BEGIN
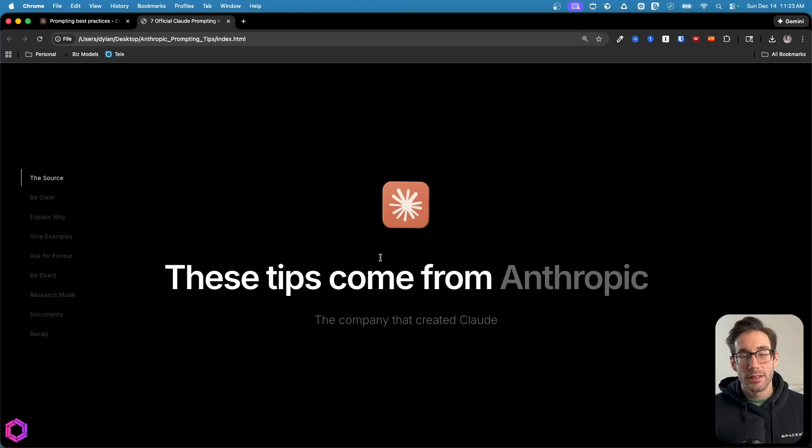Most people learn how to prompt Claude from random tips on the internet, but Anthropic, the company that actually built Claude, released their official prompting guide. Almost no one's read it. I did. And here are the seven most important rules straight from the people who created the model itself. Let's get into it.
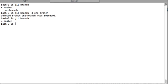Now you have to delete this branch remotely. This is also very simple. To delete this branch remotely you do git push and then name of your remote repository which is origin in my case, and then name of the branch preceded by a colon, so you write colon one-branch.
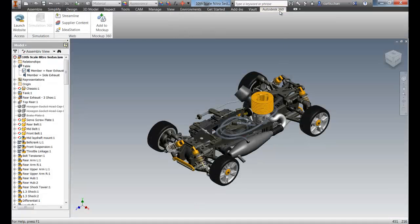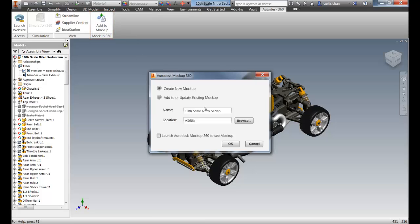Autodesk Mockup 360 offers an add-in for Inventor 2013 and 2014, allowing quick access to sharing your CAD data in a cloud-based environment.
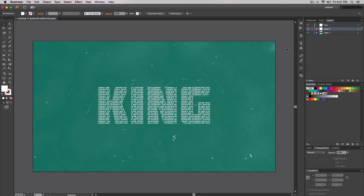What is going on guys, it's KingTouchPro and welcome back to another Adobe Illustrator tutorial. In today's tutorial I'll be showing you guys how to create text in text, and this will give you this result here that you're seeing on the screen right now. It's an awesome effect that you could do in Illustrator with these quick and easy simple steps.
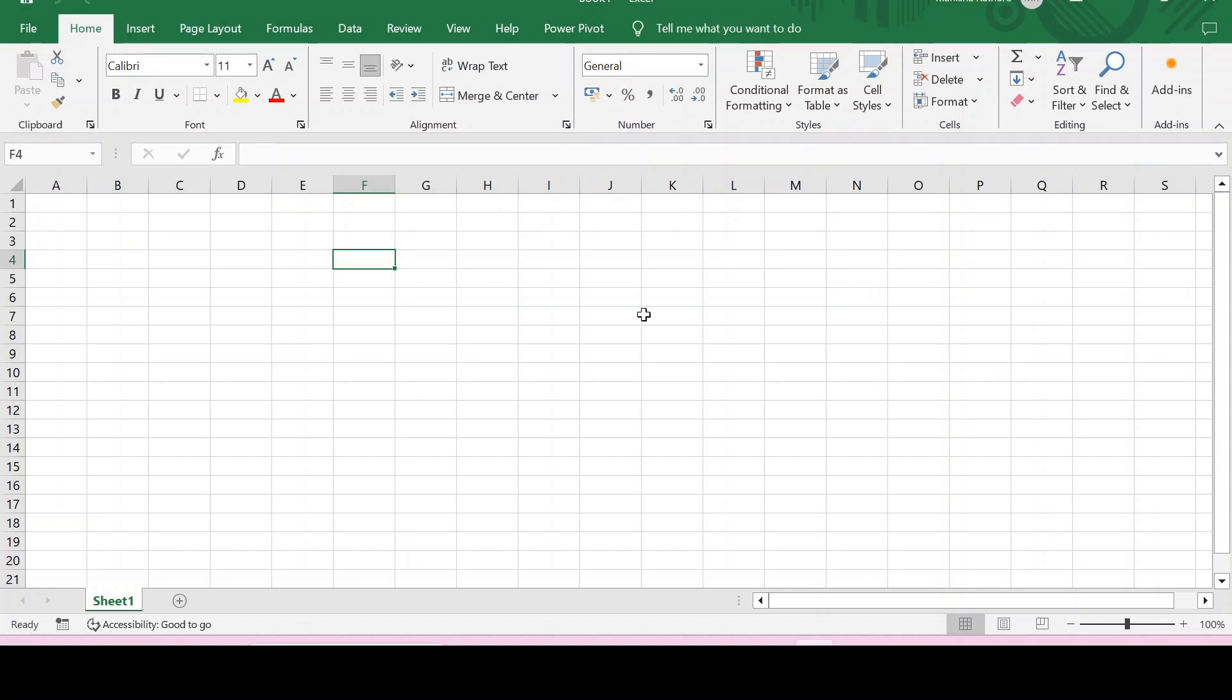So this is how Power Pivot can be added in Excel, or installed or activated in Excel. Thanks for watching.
END
Leaving out the pictures, restate each line of the listing above verbatim, from the opening line to the line bearing "What is going", inclusive, and no more.

Most people learn how to prompt Claude from random tips on the internet, but Anthropic, the company that actually built Claude, released their official prompting guide. Almost no one's read it. I did. And here are the seven most important rules straight from the people who created the model itself. Let's get into it.
Now you have to delete this branch remotely. This is also very simple. To delete this branch remotely you do git push and then name of your remote repository which is origin in my case, and then name of the branch preceded by a colon, so you write colon one-branch.
Autodesk Mockup 360 offers an add-in for Inventor 2013 and 2014, allowing quick access to sharing your CAD data in a cloud-based environment.
What is going on guys, it's KingTouchPro and welcome back to another Adobe Illustrator tutorial. In today's tutorial I'll be showing you guys how to create text in text, and this will give you this result here that you're seeing on the screen right now. It's an awesome effect that you could do in Illustrator with these quick and easy simple steps.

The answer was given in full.